» Work task
Could you print the stretch of lines below from the one with "Cute Wedding White" through the one with "Poster abstract gold", exactly as they stand and without any pictures?

» Input data
--------------------
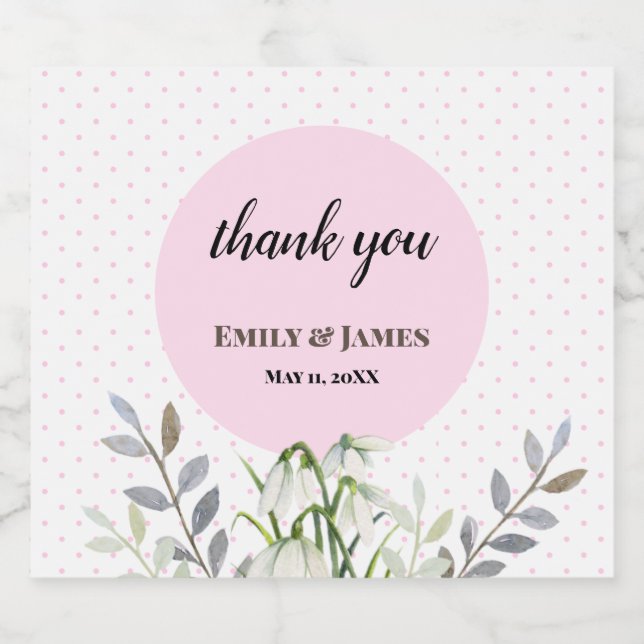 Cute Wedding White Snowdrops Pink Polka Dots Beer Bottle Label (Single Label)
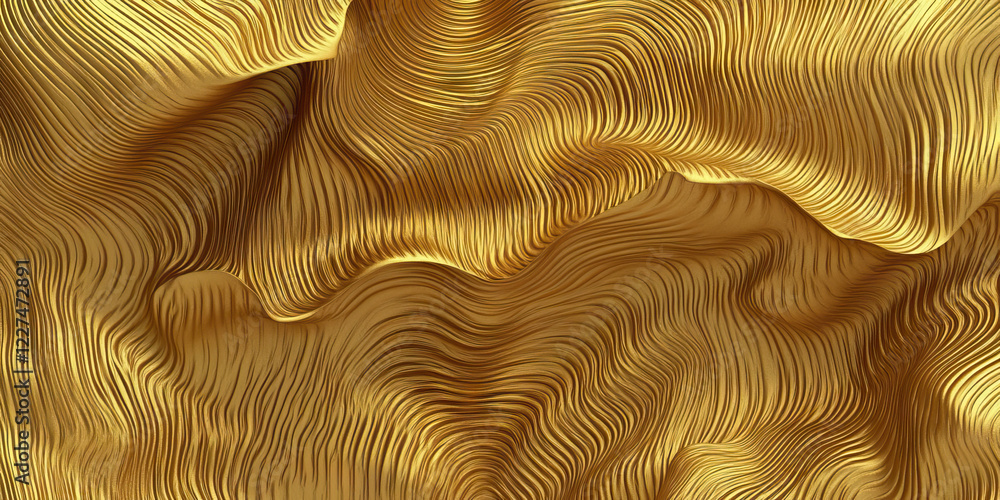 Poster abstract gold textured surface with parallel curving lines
--------------------
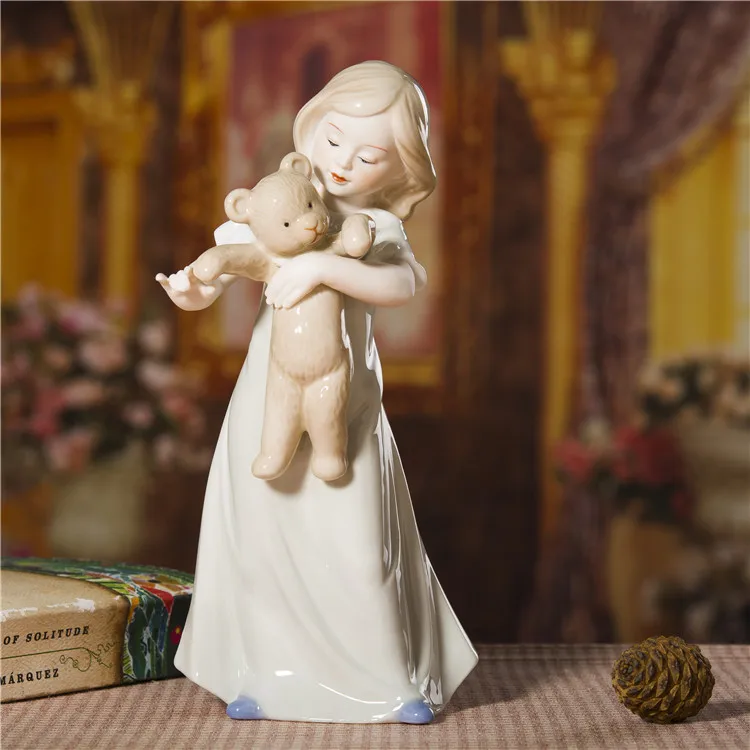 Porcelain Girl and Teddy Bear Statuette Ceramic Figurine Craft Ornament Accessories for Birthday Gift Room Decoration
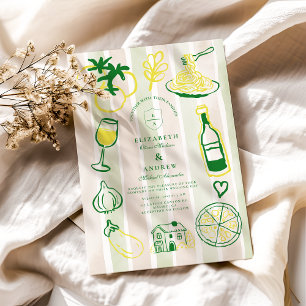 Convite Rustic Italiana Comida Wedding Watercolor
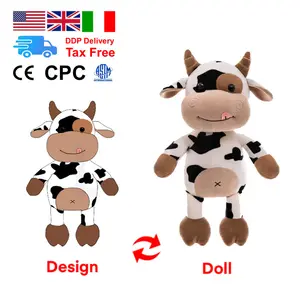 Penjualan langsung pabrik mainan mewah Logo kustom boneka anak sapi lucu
--------------------
» Solution to the exercise
 Cute Wedding White Snowdrops Pink Polka Dots Beer Bottle Label (Single Label)
 Poster abstract gold textured surface with parallel curving lines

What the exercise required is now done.